La decisión del juez Cavallo fue ratificada por la Cámara Federal, que en su resolución consideró que la anulación de ambas normas debía ser una «obligación» para el sistema judicial y político.

Esa posición de un sector de la Justicia, sumada a la decisión política del Gobierno de Néstor Kirchner, propició que el Congreso pudiera en 2003 declarar la nulidad de las leyes de Punto Final y Obediencia Debida y dar paso así a la reanudación de las investigaciones y juicios por los crímenes.

«Nunca me hubiese enterado de la condición de genocida de mi padre si no se hubiesen reanudado los juicios tras la anulación de las leyes», dijo a Télam Analía Kalinec, hija del exsubcomisario de la Policía Federal Eduardo Kalinec, condenado en 2010 a prisión perpetua por haber cometido genocidio en los centros de detención Atlético, Banco y El Olimpo.

Analía Kalinec, integrante del colectivo Historia Desobedientes, que reúne a hijos, hijas y familiares de represores, consideró la nulidad de las normas como «un punto de inflexión» en su vida.

El 4 de agosto de 2006, casi un año después la anulación de las leyes, el represor Julio Simón se convirtió en el primer condenado en los reiniciados juicios. Semanas más tarde fue el turno de Etchecolatz, quien recibió reclusión perpetua.

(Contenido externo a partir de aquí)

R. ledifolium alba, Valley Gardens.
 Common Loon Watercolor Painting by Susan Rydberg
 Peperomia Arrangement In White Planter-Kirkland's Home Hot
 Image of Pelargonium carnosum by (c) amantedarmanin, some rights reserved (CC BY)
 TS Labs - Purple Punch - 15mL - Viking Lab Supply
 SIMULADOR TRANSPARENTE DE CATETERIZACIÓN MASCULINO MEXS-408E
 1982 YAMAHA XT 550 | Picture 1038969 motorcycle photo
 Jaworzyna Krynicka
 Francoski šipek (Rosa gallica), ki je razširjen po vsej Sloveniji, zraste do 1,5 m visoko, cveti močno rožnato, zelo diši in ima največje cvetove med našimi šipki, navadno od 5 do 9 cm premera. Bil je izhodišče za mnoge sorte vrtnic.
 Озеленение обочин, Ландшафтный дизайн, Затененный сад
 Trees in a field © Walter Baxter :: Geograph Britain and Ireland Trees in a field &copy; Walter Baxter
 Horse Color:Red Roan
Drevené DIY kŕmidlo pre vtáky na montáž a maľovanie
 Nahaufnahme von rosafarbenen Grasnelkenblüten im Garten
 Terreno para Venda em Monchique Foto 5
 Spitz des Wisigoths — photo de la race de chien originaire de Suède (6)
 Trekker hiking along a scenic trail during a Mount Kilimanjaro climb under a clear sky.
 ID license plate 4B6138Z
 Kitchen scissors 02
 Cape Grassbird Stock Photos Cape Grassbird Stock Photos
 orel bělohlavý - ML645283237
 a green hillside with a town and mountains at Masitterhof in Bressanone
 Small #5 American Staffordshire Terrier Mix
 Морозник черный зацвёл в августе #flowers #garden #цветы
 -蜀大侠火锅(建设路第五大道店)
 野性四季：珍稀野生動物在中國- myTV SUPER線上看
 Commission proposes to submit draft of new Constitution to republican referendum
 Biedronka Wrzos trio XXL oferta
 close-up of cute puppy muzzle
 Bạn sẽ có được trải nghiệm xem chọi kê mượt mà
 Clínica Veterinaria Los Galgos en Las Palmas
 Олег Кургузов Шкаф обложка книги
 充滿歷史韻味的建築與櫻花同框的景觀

«Durante el Gobierno de Néstor Kirchner, el Congreso y el Poder Ejecutivo mostraron la voluntad política de avanzar por el camino de la Memoria, la Verdad y la Justica», analizó en diálogo con Télam Sol Hourcade, coordinadora del área Memoria, Verdad y Justicia del CELS.

Hourcade recordó que la declaración de nulidad de las normas fue convalidada en 2005 por un fallo de la Corte Suprema de Justicia. «De este modo -sostuvo-, los tres poderes del Estado materializaron el reclamo histórico de las víctimas y delos organismos de derechos humanos».